Ferns will be a big part of the landscape so I’ve given some thought to them in terms of the kinds of images I want to make. Reflections. Moss. Logs. Grass. All can be part of what makes a vernal pool vital. Discovering more about them is sure to bring me some surprises.
All of these photos were taken across the street from my house in a bunch of vacant land so it will be easy for me to visit often and document changes. That is the main reason I want to try my hand at this; ease of access. I dread bug season, but I will brave it for the sake of giving it a go. As a matter of fact, as I write this I already have a second visit done and I think I’ve found a couple of pools that will last long enough to show their cycles. I hope I can show how special and interesting these little habitats are. It certainly feels challenging and hopefully my creative spark ignites and I can break out of my rut a little bit.
Another subject I love in winter are brooks, streams and rivers. Or more properly for Wisconsin, a creek. Ripley Creek in particular. It’s a lovely, but overgrown waterway that feeds into the Wisconsin river just south of my house. The trailhead is 8 minutes away so it’s becoming a go-to spot in much the same way as Tucker and Purgatory brooks used to be for me in NH.
My usual approach to this kind of shot is to use a slow shutter speed and smooth the water, but this time I decided that the smooth element was already there – the snow – and so I left off the filter(s) and used a faster shutter speed. This gave me a rougher, more jagged texture in the water and that contrasts nicely with the snowy blanket on the shore.
The camera was on the tripod for both those shots, but sometimes I just couldn’t get it into the right position and I had to hand hold. Luckily I could brace myself pretty well and there was enough light that I didn’t have to go to a very high ISO.
I had to go for it though because of the shapes the ice forms behind the boulders. Isn’t it great? You can see that the water slows down behind the rocks and so that’s where the ice forms first. I was jammed into the branches of a hemlock sapling for this one, trying to back up enough to get the near ice formation and the right bank into the shot without getting the branches in the way. Not a bad effort and one of my favorites for the series.

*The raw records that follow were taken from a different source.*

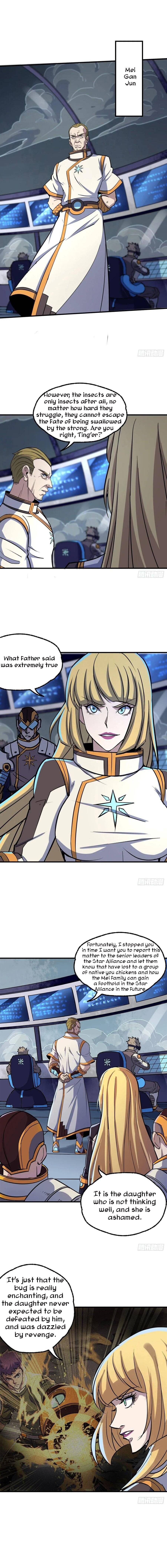 Page 6 of Chapter 228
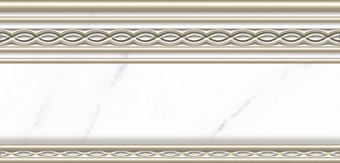 BWU29ILN07R бордюр Ilana 120*246 - керамическая плитка - Ilana 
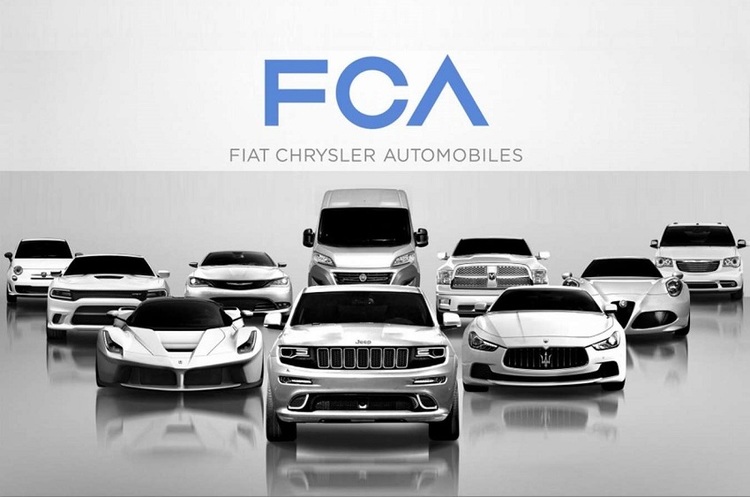 news.autoplus.fr Fiat Chrysler відкликає 4,8 млн автомобілів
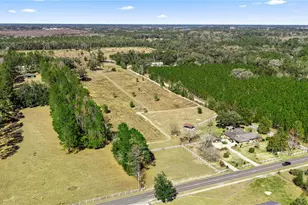 873 SW Troy St, Lake City, FL 32024 - Photo 3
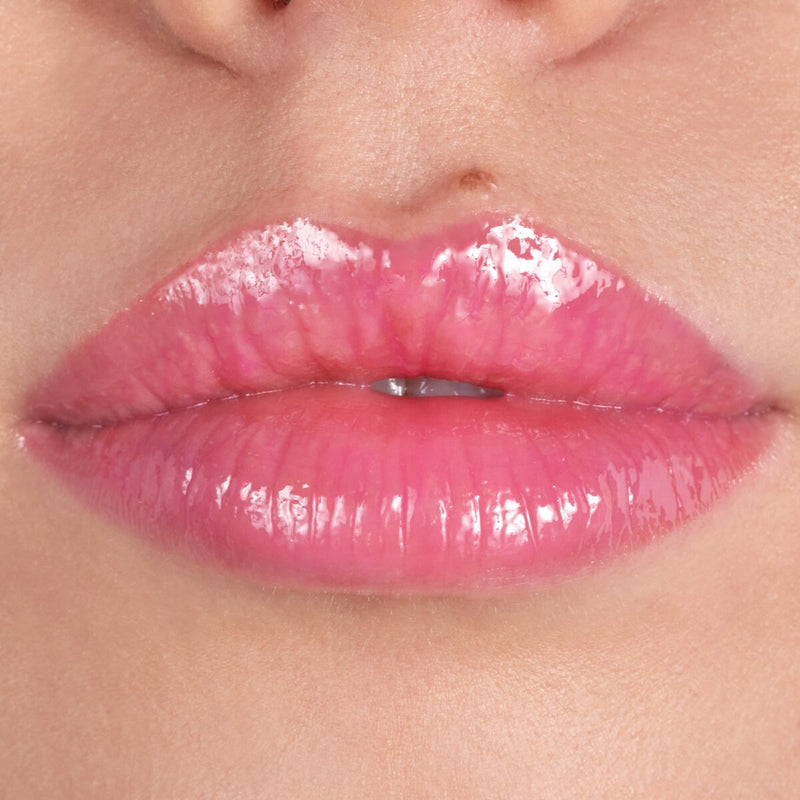 Catrice Plump It Up Lip Booster CATRICE Cosmetics   
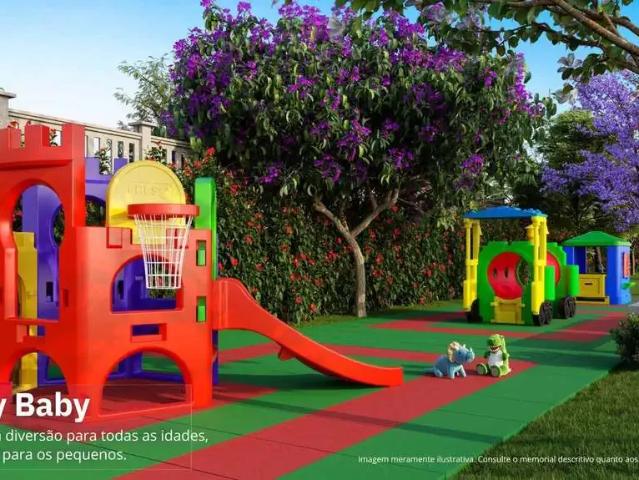 Apartamento venda em Região Geográfica Imediata de Fortaleza, Fortaleza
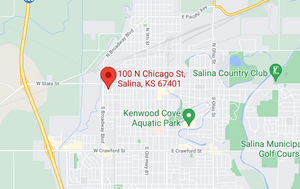 Guns & Ammo Stolen From Shed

Another big choice for winter water scenes is monochrome or color. Going black and white works especially well because there is true white and true black in just about every shot (even if you do have to tweak in post). It’s dramatic and shows off the textures and contours of the landscape, which you can see here supports a lot of plant growth and is sometimes steep and rocky. The color of the water though, is part of what fascinates me about doing stream work. The tannins.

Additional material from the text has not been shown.